Currently, commands are processed synchronously in the channel thread. This limits parallelization on setups that open very few Sonic Channel instances, but where Sonic runs on a lot of CPUs. Currently 1 channel = 1 thread; but we'd like to make the channel protocol fully asynchronous and thus Sonic will be able to dispatch commands for work to a thread pool.
We just need to figure out how we can rework the protocol so that a RES for a REQ can be caught later on (eg. with a marker ID as we already do for search queries with PENDING?).

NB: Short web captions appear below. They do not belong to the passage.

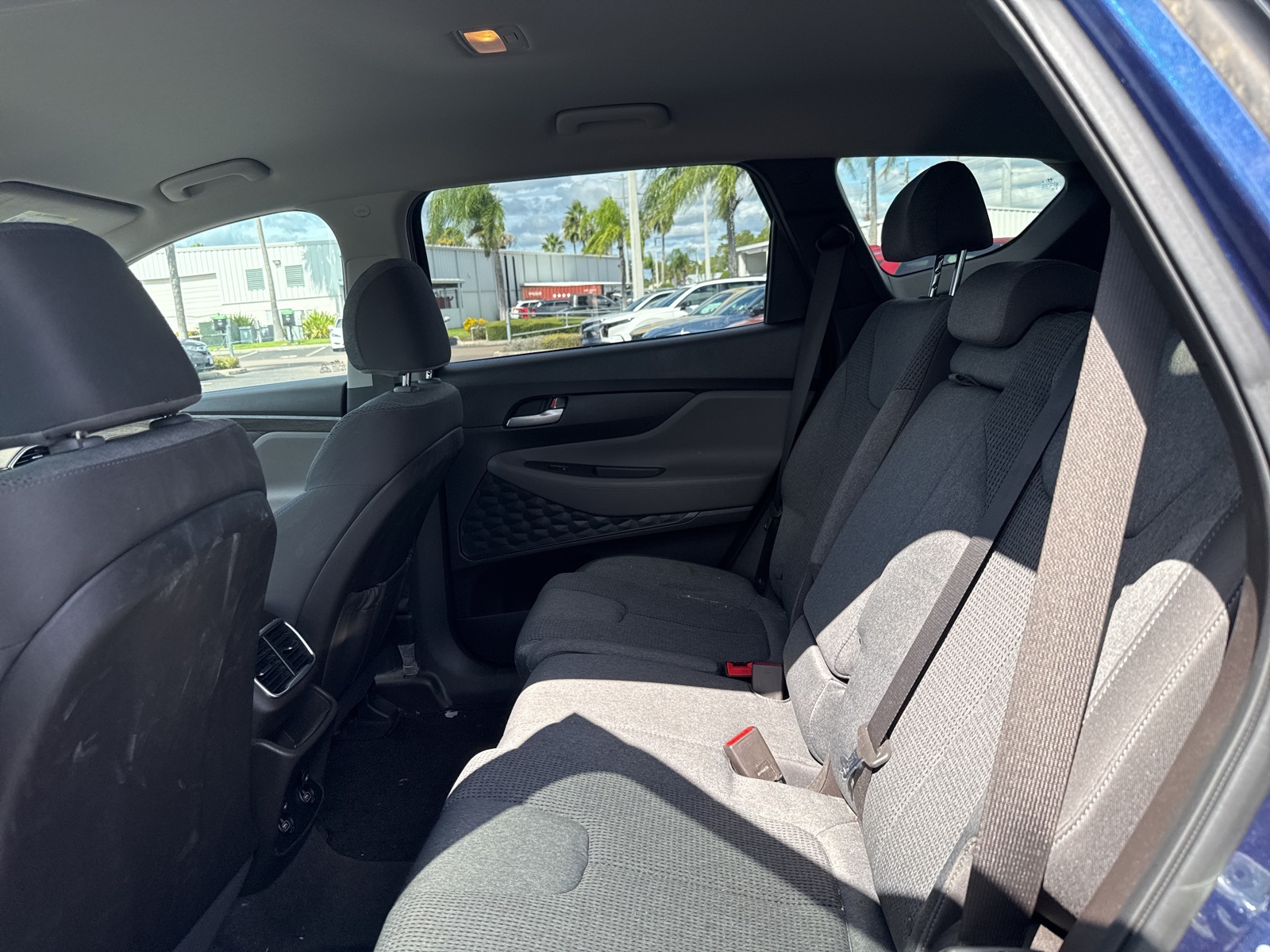 2019 Hyundai Santa Fe SEL photo 9
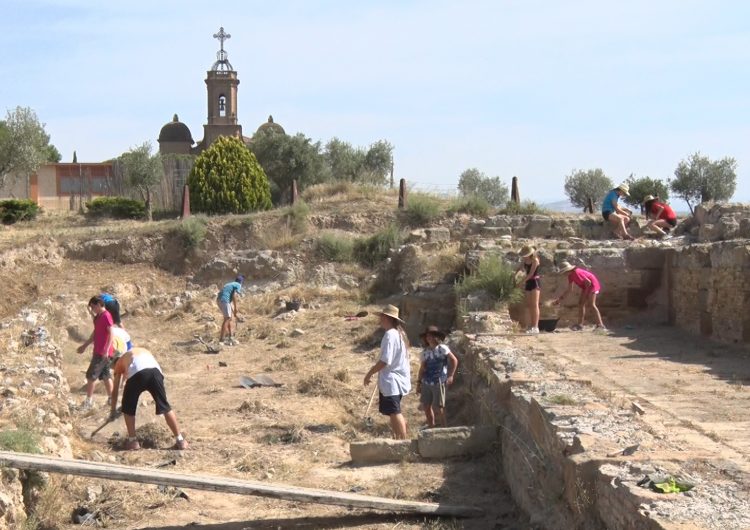 El Castell Formós acull una vintena de joves arqueòlegs amb els tallers “Cota Zero”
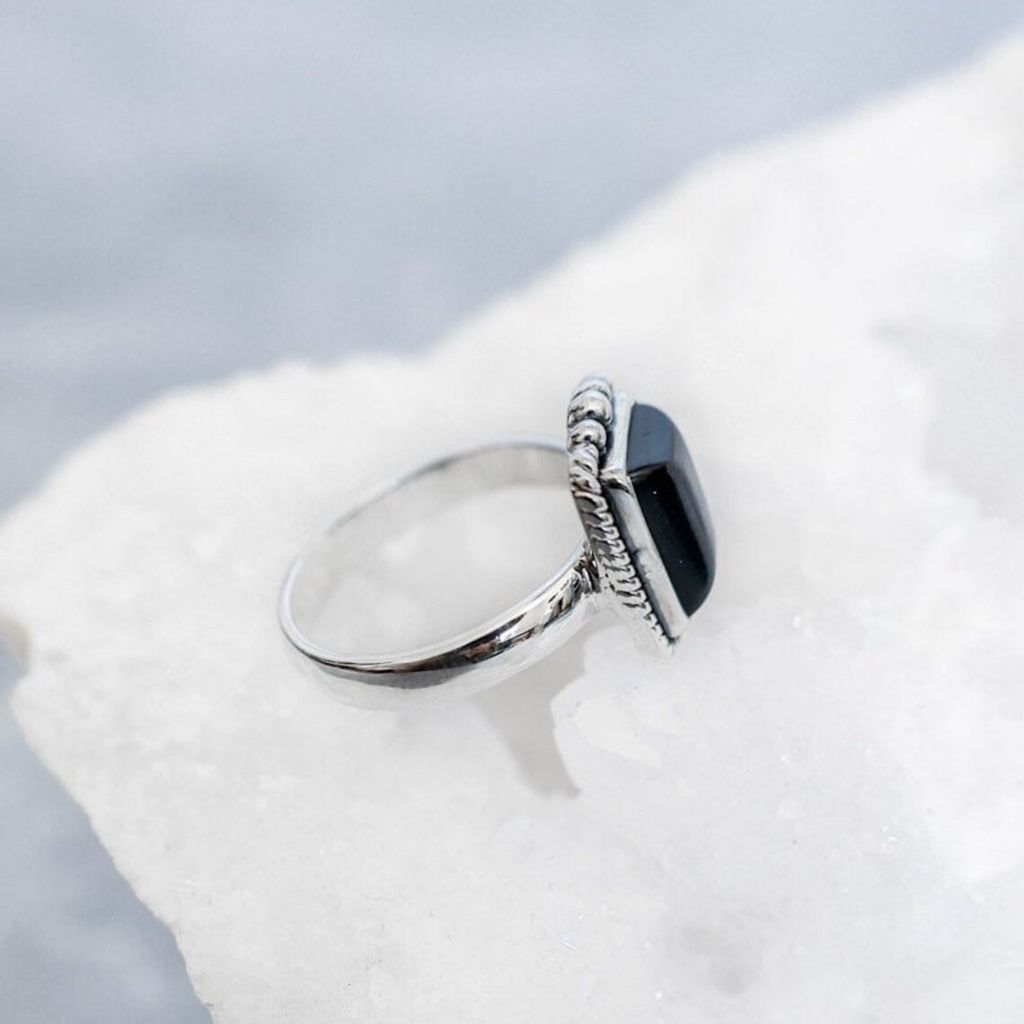 Sophisticated Women Sterling Silver Black Onyx Ring 2025 at ShopCircuit | ONDC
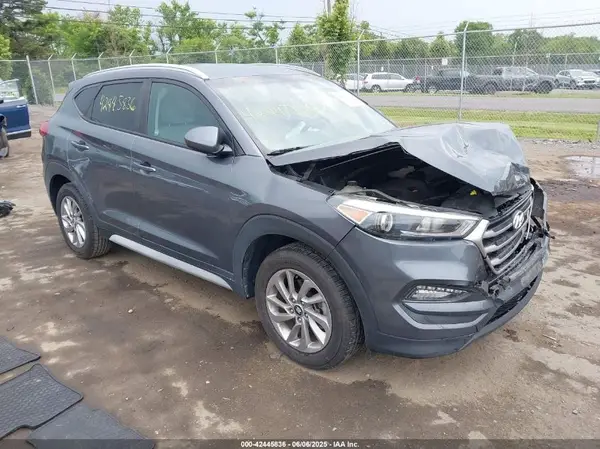 KM8J33A46JU747302 2018 HYUNDAI TUCSON - Image 1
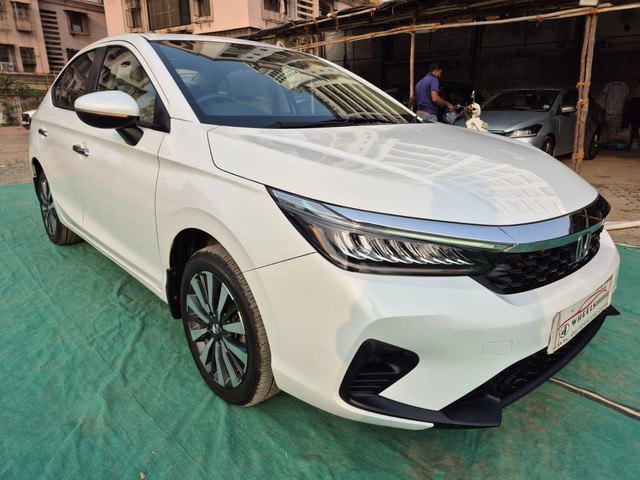 Second-hand 2023 Honda City ZX CVT for sale in Mumbai-22
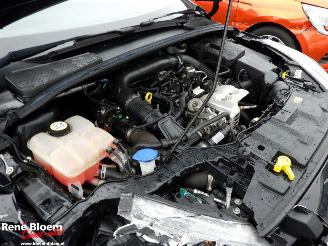 Ford Focus 1.0 Titanium Airco 5drs picture 16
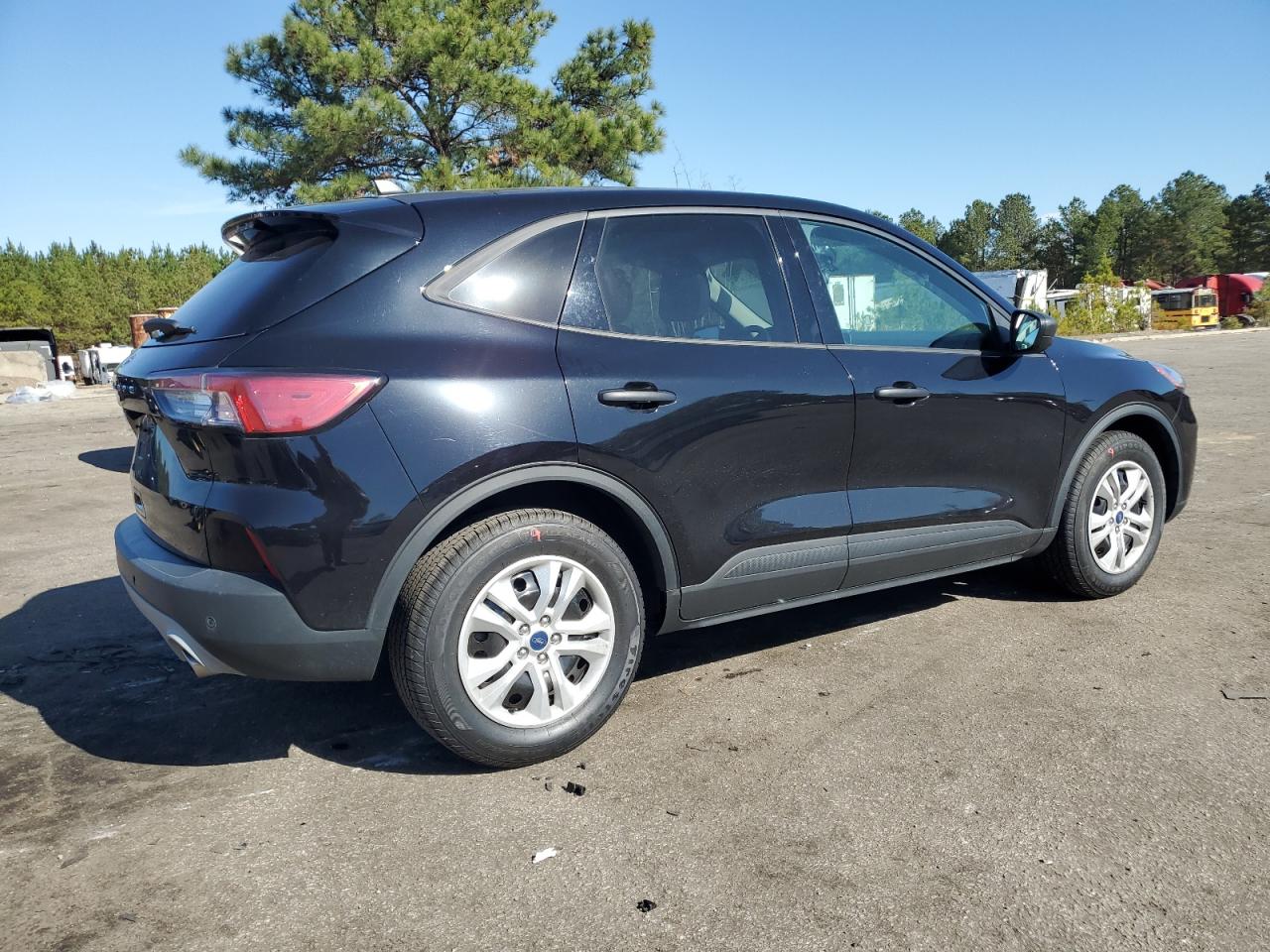 Ford Escape S Image 8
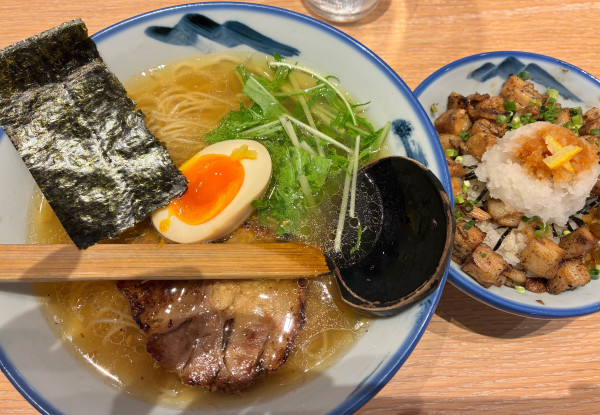 「柚子塩ラーメン　炙りコロチャーご飯」@AFURI グランベリーパーク店の写真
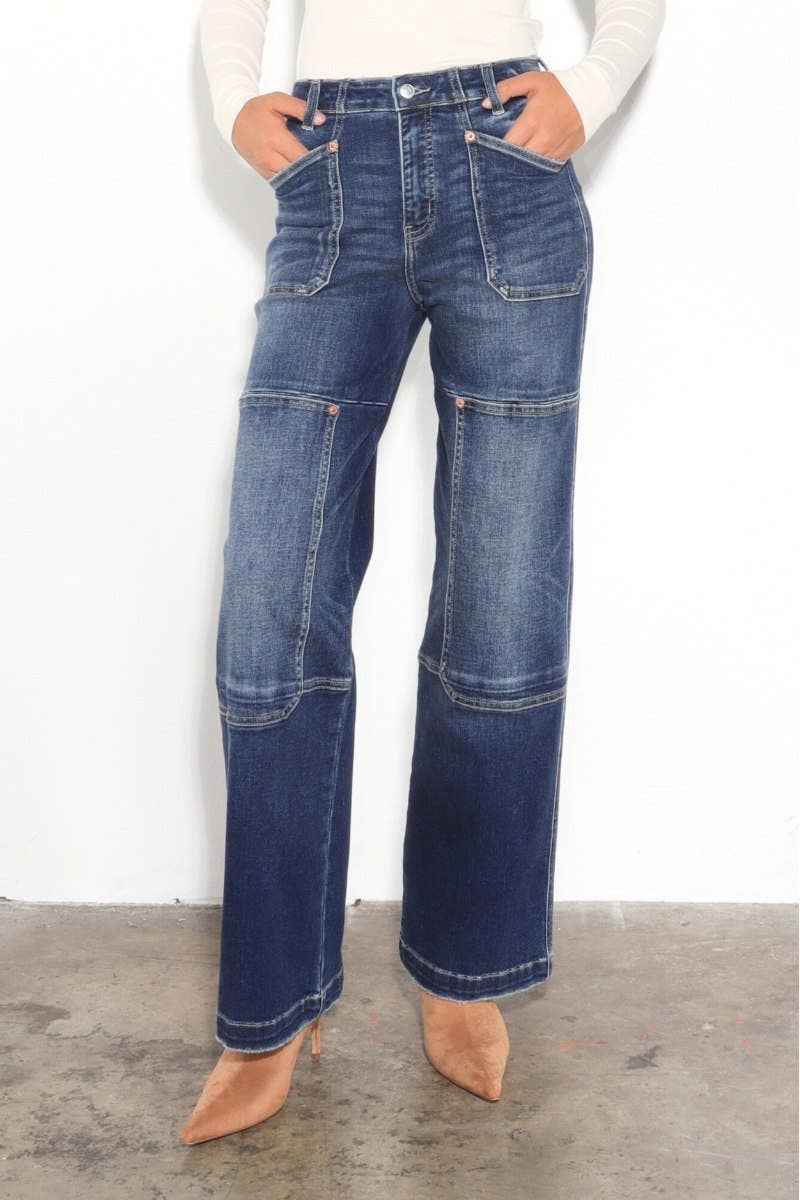 Relaxed Wide Leg Jeans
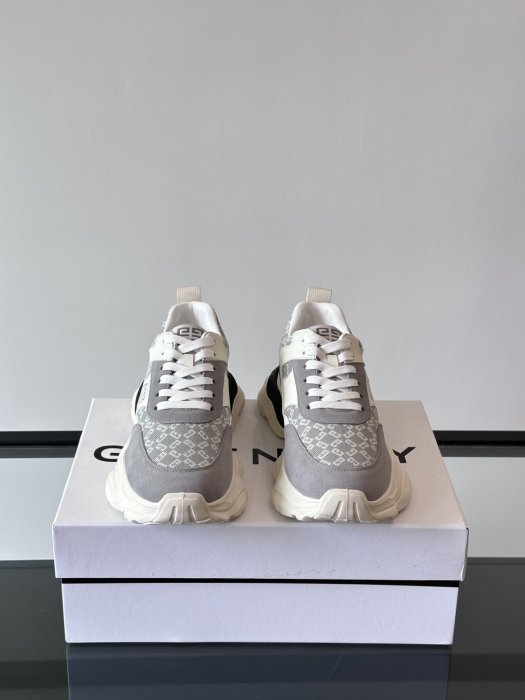 Кроссовки мужские фото 2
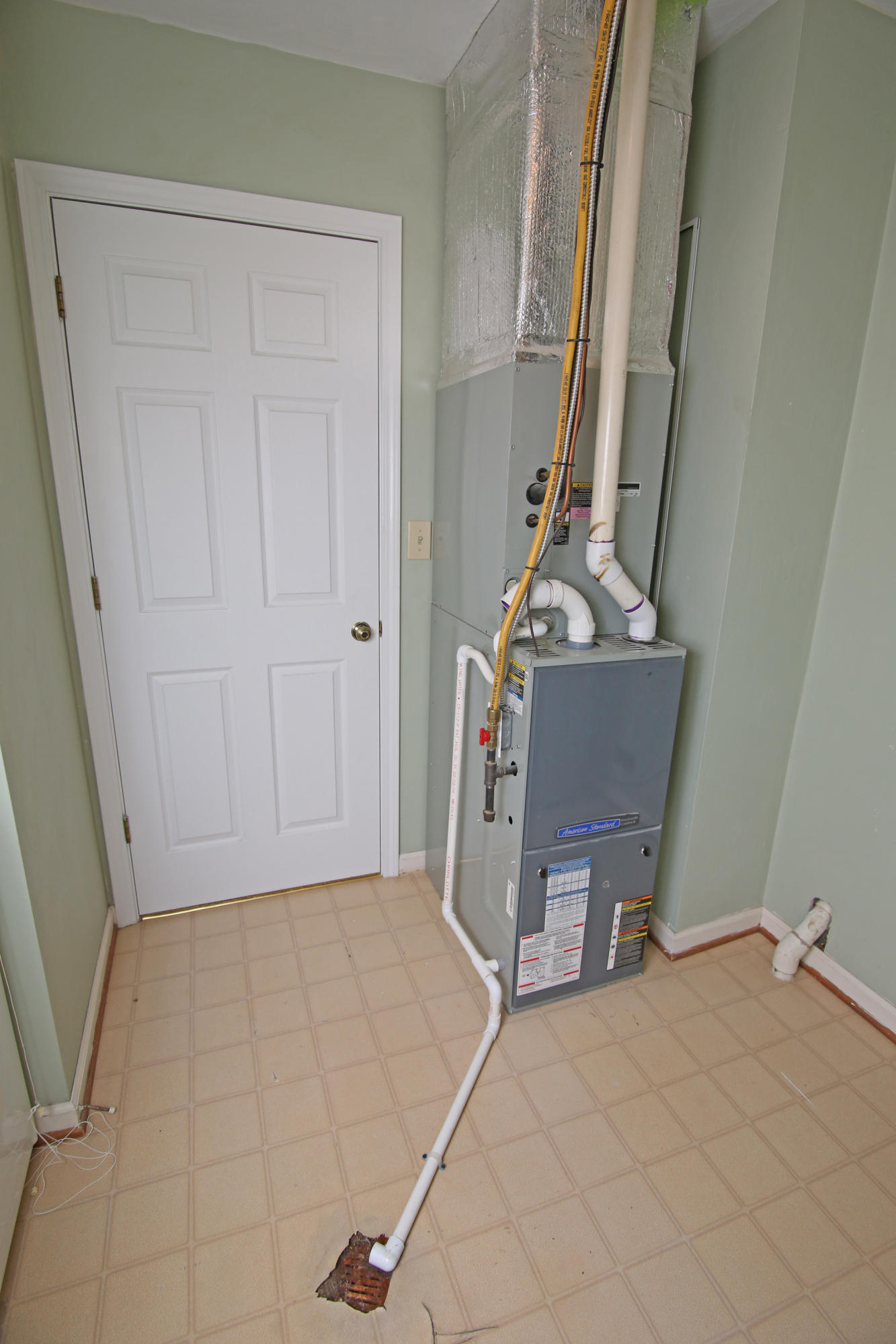 1060 Kessler Mill Road Salem, VA 24153 - Photo 25 of 45 DGA_5688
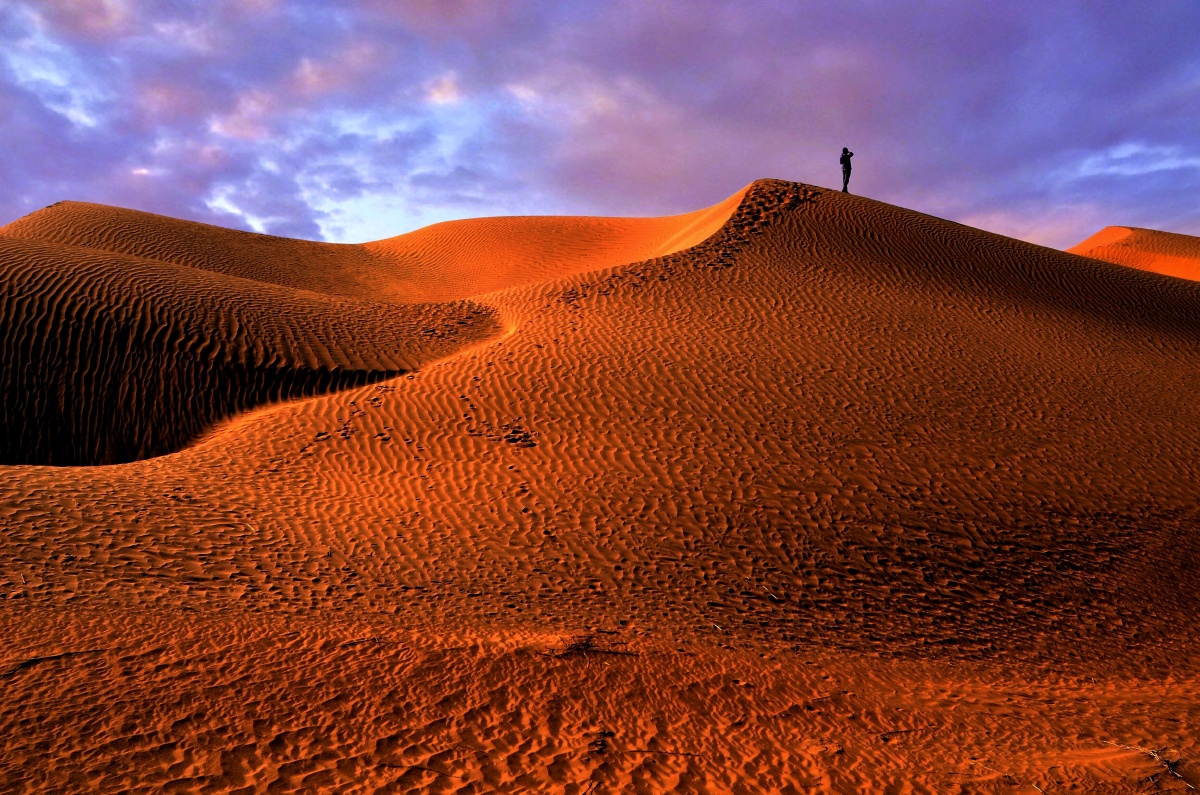 站在塔克拉玛干沙漠的沙丘上看风景,看风景的人在看你,茫茫大漠,点缀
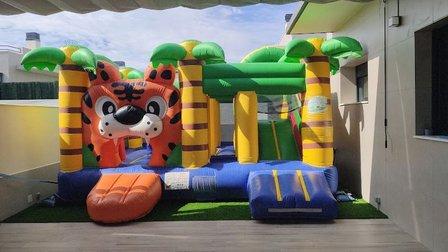 CASTILLOS HINCHABLES Alquiler UN CASTILLO EN TU JARDÍN
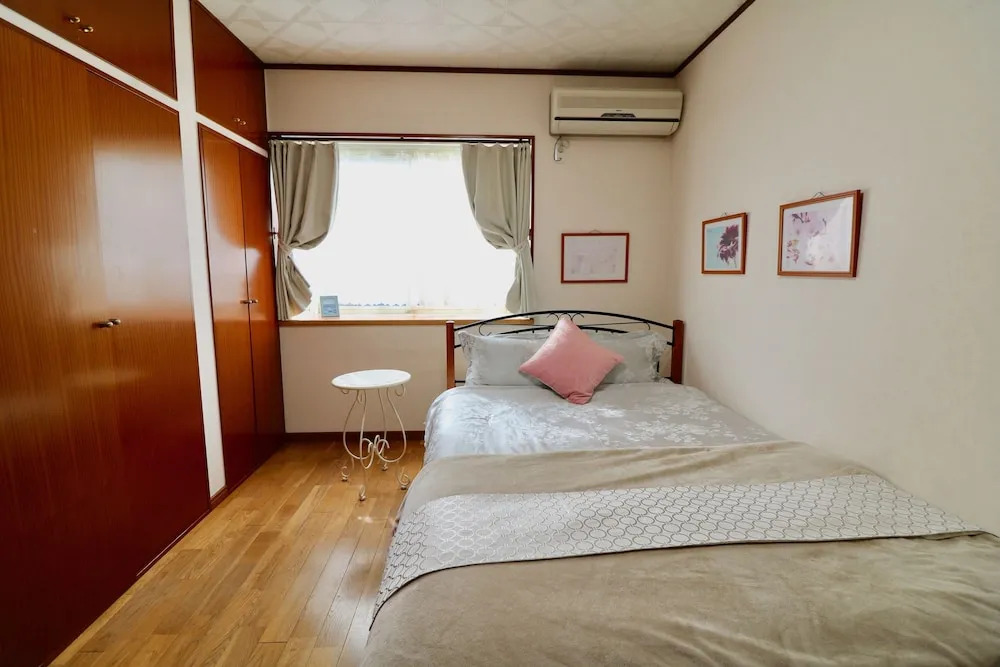 Sophia Court Room201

I guess we can improve further on data compact-ness, and make better use of XxHash, as well as reducing the maximum cardinality of the database system to gain 50% RocksDB space when storing IIDs.
In case ngram is not confident-enough, scan for the locale that has the most stopwords for given terms text. Restrict scan to ngram-detected alphabet, as this is 100% reliable.
This will fix the short-text undetectable locale problem, as there are not enough words for the ngram algorithm to perform reliably.
A per-collection + per-bucket FST would help complete incomplete words when they cannot be found as-is in the RocksDB key-value store. Eg. search "Bapt" and it would auto-complete to indexed word "Baptiste".
If there's not a sufficient number of results in the partial-word search, attempt to complete search results with the FST auto-completion.
Some configuration values should be checked and compared between each other on daemon boot, and would result in a panic!() if there was a configuration mistake.
Eg.: FST consolidate after should be lower than inactive after, otherwise some FST graphs may never be consolidated in due time as their store will get expired before that.
Binary format of a key (planned, better but less legible):
[IDX@u8][BUCKET_HASH@u32][ROUTE_HASH@u32]
The key generator would simply concatenate the key bytes all together (1 byte + 4 bytes + 4 bytes); reading the key would be as simple as doing a byte offset.